Shalva recently sat down with us to talk about the challenge of engaging the local Jewish community, what makes the DCJCC such an innovative place and why she decided to raise her kids in the house she grew up in.

What is a director of Jewish innovation?

[DCJCC CEO] Carole [Zawatsky] brought me on to really think about what it means to be Jewish in Washington, D.C. and how to work with the staff here to think about connecting Jewish values to universal values. People are making all kinds of choices in the modern world and those are really Jewish choices. Part of my job is to invite people to think about those Jewish values and allow those Jewish values to be anchoring for them and grounding for them and to help the staff engage in really interesting and creative programming around Jewish values and Jewish ideas.

What are you most excited about in your new role?

Working at an arts institution in D.C. is a very exciting thing to be doing right now. D.C. is changing so much. It’s such a vibrant, dynamic city. It’s so diverse. And it’s just amazing to be able to be with an institution that has such an incredible history and such a strong community of people who care very deeply about the arts and about their Jewish identity even though they might not be able to articulate what their Jewish identity is, how they’re Jewish in their everyday life. But I’m thrilled to be thinking about that and thinking about helping people do that.

What do you see as the biggest challenge of your job?

One of the challenges of my job is making everybody feel welcome here and also making sure that we’re not providing a watered down experience, to make sure the experience is really high quality because people in the D.C. area are intellectual. They’re smart. They are very driven. They’re very ambitious. So we need to make sure that our programming is on that level. And it has to be welcoming. We want to have deep, meaningful Jewish learning here.

What makes the DCJCC an innovative place?

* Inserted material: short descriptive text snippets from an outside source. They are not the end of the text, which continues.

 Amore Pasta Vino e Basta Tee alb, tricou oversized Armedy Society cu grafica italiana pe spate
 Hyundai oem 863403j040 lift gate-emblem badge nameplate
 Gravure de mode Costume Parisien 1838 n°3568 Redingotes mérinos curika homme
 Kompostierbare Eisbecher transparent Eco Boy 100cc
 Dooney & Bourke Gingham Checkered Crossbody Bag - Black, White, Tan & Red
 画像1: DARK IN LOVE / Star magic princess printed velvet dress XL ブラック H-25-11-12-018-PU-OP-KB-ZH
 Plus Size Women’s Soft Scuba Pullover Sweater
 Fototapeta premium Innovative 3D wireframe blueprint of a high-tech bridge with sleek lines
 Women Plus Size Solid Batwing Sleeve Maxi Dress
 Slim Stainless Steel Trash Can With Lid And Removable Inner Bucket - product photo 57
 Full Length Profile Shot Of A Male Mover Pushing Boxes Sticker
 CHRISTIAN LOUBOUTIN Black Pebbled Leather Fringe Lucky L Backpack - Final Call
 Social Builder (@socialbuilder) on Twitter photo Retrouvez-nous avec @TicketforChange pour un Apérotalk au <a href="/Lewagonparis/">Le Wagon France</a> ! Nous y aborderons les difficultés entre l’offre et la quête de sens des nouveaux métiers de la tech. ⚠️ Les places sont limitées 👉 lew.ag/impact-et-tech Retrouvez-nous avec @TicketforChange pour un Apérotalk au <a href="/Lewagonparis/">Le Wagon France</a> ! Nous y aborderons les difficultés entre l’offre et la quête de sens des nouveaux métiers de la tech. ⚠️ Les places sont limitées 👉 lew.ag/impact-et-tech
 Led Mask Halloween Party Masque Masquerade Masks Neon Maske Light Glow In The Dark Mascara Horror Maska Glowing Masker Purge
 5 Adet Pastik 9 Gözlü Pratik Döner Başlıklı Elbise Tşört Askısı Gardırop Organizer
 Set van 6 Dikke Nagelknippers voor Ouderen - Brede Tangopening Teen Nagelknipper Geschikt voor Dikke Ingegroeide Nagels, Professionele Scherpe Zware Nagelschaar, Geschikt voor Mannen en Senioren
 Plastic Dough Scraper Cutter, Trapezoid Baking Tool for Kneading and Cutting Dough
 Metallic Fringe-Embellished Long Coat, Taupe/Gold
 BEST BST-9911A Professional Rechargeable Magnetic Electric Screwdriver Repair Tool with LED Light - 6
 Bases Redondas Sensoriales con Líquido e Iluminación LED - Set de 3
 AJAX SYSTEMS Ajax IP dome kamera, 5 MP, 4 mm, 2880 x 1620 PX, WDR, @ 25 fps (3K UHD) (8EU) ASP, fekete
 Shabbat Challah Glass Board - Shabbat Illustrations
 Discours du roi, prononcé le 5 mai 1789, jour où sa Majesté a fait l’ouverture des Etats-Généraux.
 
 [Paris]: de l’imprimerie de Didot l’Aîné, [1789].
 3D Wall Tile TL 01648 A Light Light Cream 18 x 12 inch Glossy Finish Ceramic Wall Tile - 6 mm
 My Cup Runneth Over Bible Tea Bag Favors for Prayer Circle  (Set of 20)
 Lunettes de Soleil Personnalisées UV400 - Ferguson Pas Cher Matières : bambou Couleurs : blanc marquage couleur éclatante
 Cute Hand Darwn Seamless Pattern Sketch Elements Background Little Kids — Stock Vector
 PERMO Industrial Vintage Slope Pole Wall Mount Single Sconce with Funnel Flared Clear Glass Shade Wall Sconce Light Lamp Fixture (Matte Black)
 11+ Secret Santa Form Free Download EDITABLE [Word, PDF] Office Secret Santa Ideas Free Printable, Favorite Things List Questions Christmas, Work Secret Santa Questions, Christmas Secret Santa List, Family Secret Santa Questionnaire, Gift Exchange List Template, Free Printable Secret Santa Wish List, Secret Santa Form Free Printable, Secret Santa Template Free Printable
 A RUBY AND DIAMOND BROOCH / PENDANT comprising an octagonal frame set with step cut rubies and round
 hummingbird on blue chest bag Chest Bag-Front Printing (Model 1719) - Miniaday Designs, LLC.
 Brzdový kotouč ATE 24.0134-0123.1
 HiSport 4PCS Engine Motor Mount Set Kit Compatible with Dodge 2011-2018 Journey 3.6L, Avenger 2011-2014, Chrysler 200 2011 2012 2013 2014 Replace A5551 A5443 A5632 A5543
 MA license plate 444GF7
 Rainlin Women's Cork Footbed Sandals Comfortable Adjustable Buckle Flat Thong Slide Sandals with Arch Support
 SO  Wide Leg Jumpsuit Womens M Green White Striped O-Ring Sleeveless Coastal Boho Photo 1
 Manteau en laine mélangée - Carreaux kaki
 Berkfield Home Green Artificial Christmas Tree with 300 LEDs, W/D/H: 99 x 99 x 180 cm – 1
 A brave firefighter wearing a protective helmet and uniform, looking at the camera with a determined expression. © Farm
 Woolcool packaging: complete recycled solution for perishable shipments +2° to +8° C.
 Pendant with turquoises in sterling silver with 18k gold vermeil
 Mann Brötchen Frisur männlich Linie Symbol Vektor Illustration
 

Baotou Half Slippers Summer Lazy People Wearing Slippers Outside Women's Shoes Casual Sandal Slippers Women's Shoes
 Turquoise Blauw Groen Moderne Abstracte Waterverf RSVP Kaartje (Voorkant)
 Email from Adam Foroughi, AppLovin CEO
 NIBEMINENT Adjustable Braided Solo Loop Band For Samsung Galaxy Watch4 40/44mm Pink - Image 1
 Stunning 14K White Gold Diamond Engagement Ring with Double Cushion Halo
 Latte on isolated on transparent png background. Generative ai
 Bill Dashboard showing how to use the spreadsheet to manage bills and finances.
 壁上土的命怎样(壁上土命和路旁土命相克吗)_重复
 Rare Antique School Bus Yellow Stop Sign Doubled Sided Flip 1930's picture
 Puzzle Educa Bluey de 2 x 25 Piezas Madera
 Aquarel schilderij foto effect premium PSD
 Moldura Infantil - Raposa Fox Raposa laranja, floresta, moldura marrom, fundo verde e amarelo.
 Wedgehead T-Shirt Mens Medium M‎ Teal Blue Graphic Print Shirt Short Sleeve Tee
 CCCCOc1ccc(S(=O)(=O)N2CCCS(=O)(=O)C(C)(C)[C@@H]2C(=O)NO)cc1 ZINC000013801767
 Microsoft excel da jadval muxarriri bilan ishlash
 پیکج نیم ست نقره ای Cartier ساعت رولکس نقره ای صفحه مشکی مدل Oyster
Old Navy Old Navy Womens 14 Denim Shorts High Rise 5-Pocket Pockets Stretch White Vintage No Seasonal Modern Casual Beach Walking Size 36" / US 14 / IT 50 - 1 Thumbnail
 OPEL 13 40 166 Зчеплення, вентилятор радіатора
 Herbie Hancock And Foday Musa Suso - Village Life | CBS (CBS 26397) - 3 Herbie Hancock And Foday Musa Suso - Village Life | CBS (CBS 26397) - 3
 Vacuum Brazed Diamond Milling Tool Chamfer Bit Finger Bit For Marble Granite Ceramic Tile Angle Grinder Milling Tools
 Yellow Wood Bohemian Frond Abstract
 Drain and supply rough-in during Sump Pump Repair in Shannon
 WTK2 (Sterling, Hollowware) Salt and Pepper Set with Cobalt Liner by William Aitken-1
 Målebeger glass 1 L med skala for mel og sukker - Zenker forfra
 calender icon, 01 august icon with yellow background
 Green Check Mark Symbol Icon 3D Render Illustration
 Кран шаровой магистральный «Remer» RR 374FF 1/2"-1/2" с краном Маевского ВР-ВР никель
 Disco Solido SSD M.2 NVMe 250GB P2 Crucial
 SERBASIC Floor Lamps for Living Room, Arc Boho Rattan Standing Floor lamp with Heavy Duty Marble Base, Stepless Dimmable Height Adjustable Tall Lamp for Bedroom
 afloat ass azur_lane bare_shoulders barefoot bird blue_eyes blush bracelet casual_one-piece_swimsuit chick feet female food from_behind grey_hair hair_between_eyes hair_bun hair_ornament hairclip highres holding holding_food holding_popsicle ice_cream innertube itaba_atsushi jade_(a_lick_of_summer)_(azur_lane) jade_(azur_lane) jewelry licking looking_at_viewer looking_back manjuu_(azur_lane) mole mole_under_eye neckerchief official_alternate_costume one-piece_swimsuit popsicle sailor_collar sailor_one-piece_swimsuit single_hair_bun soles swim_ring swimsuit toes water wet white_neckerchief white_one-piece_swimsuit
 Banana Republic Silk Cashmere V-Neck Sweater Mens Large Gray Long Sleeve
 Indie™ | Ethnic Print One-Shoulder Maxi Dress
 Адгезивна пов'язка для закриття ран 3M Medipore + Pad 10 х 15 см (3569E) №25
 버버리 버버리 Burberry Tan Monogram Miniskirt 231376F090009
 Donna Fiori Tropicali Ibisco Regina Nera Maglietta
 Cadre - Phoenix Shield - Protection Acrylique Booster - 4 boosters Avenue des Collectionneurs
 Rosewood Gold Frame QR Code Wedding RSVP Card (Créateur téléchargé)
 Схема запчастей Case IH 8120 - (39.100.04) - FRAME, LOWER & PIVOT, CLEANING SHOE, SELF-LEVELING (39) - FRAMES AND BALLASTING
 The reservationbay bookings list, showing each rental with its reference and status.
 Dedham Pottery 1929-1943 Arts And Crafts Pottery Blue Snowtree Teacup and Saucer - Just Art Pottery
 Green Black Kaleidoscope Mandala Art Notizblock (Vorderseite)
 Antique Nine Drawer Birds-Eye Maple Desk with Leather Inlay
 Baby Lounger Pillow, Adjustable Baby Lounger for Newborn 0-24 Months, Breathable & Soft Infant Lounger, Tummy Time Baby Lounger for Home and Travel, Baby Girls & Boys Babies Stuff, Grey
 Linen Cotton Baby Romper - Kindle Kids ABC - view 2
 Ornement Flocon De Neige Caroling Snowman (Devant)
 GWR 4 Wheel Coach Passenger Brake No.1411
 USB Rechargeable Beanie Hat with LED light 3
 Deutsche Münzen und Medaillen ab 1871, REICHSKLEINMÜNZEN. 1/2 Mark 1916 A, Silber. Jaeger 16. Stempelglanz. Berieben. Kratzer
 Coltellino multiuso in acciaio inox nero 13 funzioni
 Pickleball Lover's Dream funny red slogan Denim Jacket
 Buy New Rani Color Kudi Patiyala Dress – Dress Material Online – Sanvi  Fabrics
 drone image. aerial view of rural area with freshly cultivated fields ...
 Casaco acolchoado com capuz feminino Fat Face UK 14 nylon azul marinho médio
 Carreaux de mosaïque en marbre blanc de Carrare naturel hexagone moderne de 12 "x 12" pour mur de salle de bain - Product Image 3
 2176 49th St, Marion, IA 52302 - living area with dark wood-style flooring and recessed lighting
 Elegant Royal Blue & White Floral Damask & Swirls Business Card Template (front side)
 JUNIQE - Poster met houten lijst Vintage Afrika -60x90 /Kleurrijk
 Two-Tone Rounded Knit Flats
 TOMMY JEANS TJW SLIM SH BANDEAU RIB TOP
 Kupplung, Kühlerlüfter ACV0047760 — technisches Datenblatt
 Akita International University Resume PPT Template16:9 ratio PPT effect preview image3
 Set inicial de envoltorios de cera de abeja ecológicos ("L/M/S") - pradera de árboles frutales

Certainly the people. There are a lot of amazing people that work here. Look at our arts programming— our film festival, the music festival. The upcoming literature festival we’re planning just sounds amazing. It looks like we’re going to have some really forward thinking playwrights and forward thinking authors.

You live in the house you grew up in. Tell us about that.

I feel like my parents’ marriage wasn’t the best marriage. They got divorced in 1986.  But I have a healthy marriage. And I’m raising these two kids in the same space and it feels like a real tikkun, a healing. It feels like real repair. We’re somehow bringing a redemptive energy to the world through living in that same space that my parents lived in, having my daughter be in the room that I grew up in and my son being in the room that my brother grew up in. To have the opportunity to do that is a really nice thing.